Over the same period, the rate rose from 9% to 28% —almost one in three persons—for single women seniors, and from 6% to 24% for single male seniors. Many other groups of seniors are also more likely to experience poverty, including seniors with less education, seniors with intermittent work histories and low wages, older immigrants, Aboriginal seniors, seniors with chronic health problems, and seniors with disabilities (National Seniors Council, 2009).

Poverty and low income have been associated with experiences of loneliness and social isolation among the general population (Stewart et al., 2007). However, there have been few studies that focus specifically on older adults. Yet, older adults are more likely to live with low income than most other age groups, and low income has been associated with poorer health outcomes and lower quality of life indicators among seniors (Wister and McPherson, 2014). Thus, seniors living with fewer financial resources are faced with a number of potential negative outcomes which have been linked to loneliness and social isolation (Keefe et al., 2006; National Seniors Council, 2014a and 2014b).

After controlling for a large number of other risk factors, de Jong Gierveld et al. (2015a) found that income exhibited a weak but statistically significant inverse association with loneliness among seniors. A review of the literature on the social participation of seniors carried out by Raymond et al. (2008) also revealed that income is negatively associated with isolation, and a representative study in Belgium revealed that social isolation among seniors with low income was 29 percentage points higher than those with higher income (Vandenbroucke et al., 2012). Low income or poverty may often work in combination with other related risk factors to place people at ‘multiple jeopardy.’ One recent study has established a connection between low income, social isolation and nutritional risk among older adults, and these associations were especially strong among senior men who were members of a racial minority group (Locher et al., 2005). Research has also shown that low income is often associated with low self-esteem, which can inhibit the search for new social contacts (Pinquart and Sörensen, 2000).

In addition, MacCourt et al., (2011) found that poverty limits the ability of seniors to have adequate housing, while Gilmour (2012) found that retired seniors living in low income housing were more likely to be lonely. A report on housing for marginalized people in France found that aging and poverty put seniors at risk of isolation. While inadequate housing not adapted to the needs of seniors can be a major contributing factor to social isolation, adequate housing can be a major preventative factor (Haut comité pour le logement des personnes défavorisées, 2012).

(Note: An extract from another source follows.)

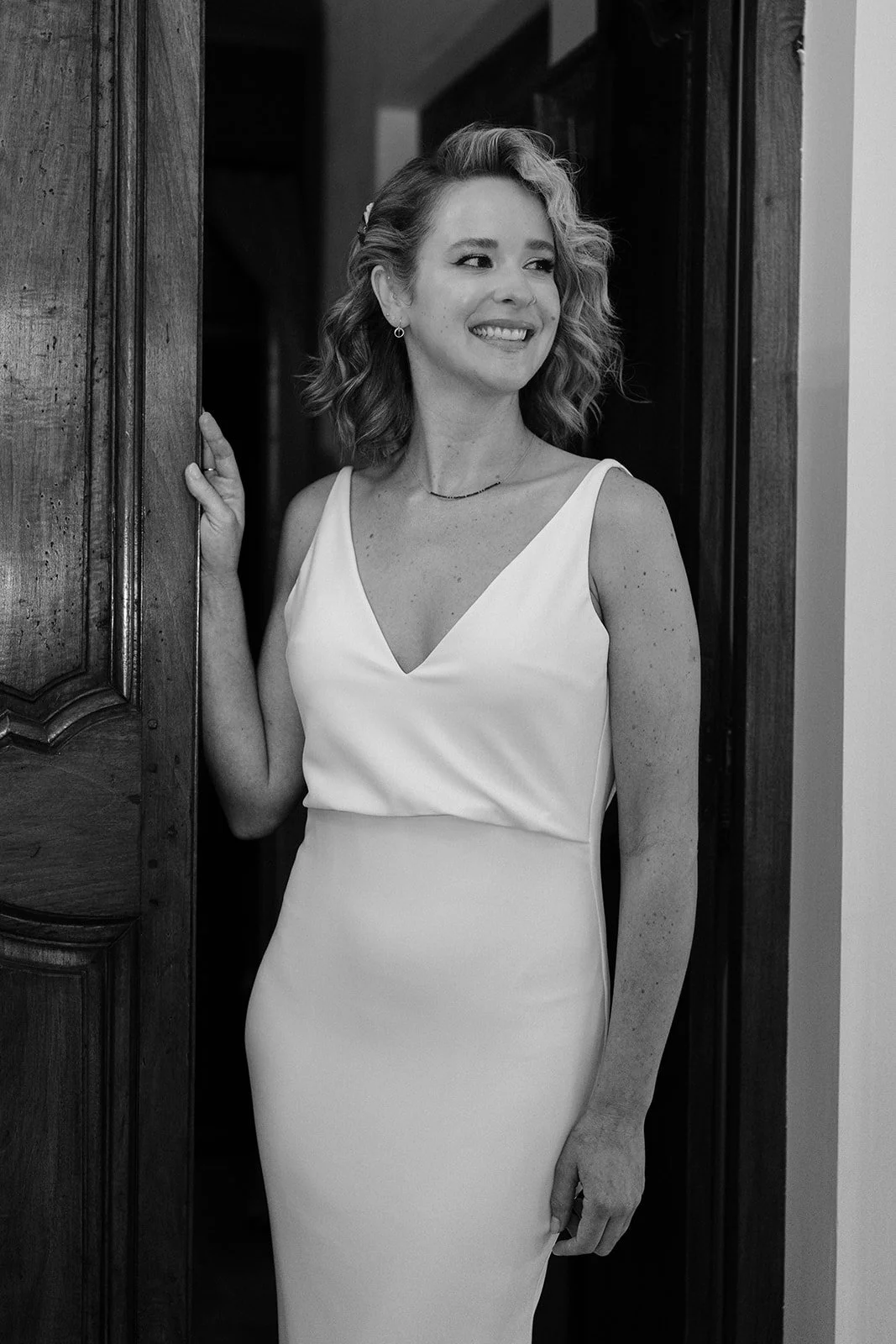A woman in a white sleeveless dress, smiling, standing in a doorway, with curly hair and earrings.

One researcher also found that seniors in public long-term care (LTC) facilities were more likely than those in private facilities, where residents have greater economic and familial resources, to experience isolation (Trépied, 2012). Living in a deprived neighbourhood can also promote loneliness, especially among seniors who are living alone (British Columbia Ministry of Health, 2004). Seniors living on a low income in deprived neighbourhoods may have safety concerns related to leaving their dwelling (Abbott and Sapsford, 2005). This can be particularly challenging since many seniors look to their neighbourhoods to meet both practical and emotional needs (Freiler, 2004). Gentrification may also have an impact on increasing loneliness. Research in rural Canada, for example, found evidence of loneliness among long-time residents of newly affluent communities who were no longer able to take part in activities and organizations and for whom financial challenges limited social connections (Keating et al., 2013).

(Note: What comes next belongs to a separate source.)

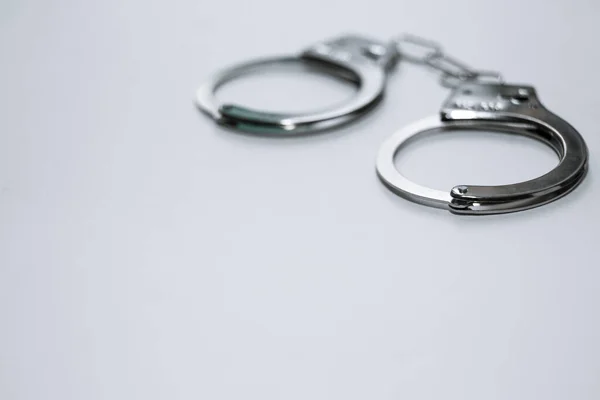 Handcuffs on a white background in the upper left corner of the frame. — Stock Photo, Image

Older people who live alone are more likely to be near or below the poverty line than other older people. These seniors, in turn, face greater barriers to social participation, particularly if they live in rural or small-town environments, where there are often fewer social and leisure activities available (Kobayashi et al., 2009). One study of low-income senior women living alone in British Columbia found that, while their support networks were comparable to other groups, they relied more heavily on family support; greater efforts were required to diversify both their informal and formal sources of support since small family networks can be quickly overwhelmed (Ryser and Halseth, 2011).

Conversely, high income has been shown to be associated with less loneliness, possibly because those with higher income have commercial networks that can be used for social opportunities and because they are also in a better position to return support from others (Pinquart and Sörensen, 2000). Early evidence from the English Longitudinal Study on Aging has also shown that isolation decreases as wealth increases (Shankar, 2015). In the General Social Survey, Statistics Canada found that, although household income does not have a large influence on the number of close relatives and friends, Canadians in the highest income bracket ($150,000 or more) have larger networks of “other” friends (double the size of those with a household income of $20,000 or less) (Sinha, 2014).

In recognition of the complex interaction between poverty, isolation and other risk factors, some policymakers have adopted a comprehensive approach toward addressing social isolation among seniors with a strong economic dimension. France, for example, recently adopted a law related to societal adaptation to aging that focuses on reducing social inequality and isolation (Assemblée nationale, 2014). The law builds on previous efforts to address social isolation, including the national mobilization against the isolation of seniors, a program which was embedded in the national plan to fight against poverty and for social inclusion (Serres, 2013). (Prior to the adoption of the law, a study on the social benefit for seniors found that the majority of recipients were socially isolated, and that the benefit was not sufficient to lift them out of poverty (Chaput et al., 2007)). In a related vein, Greenfield et al. (2015) argue that age-friendly community initiatives have the potential to address multiple issues related to older adults’ health and wellbeing, including economic insecurity and social isolation (the concept of age-friendly communities is discussed in Section 7.1.).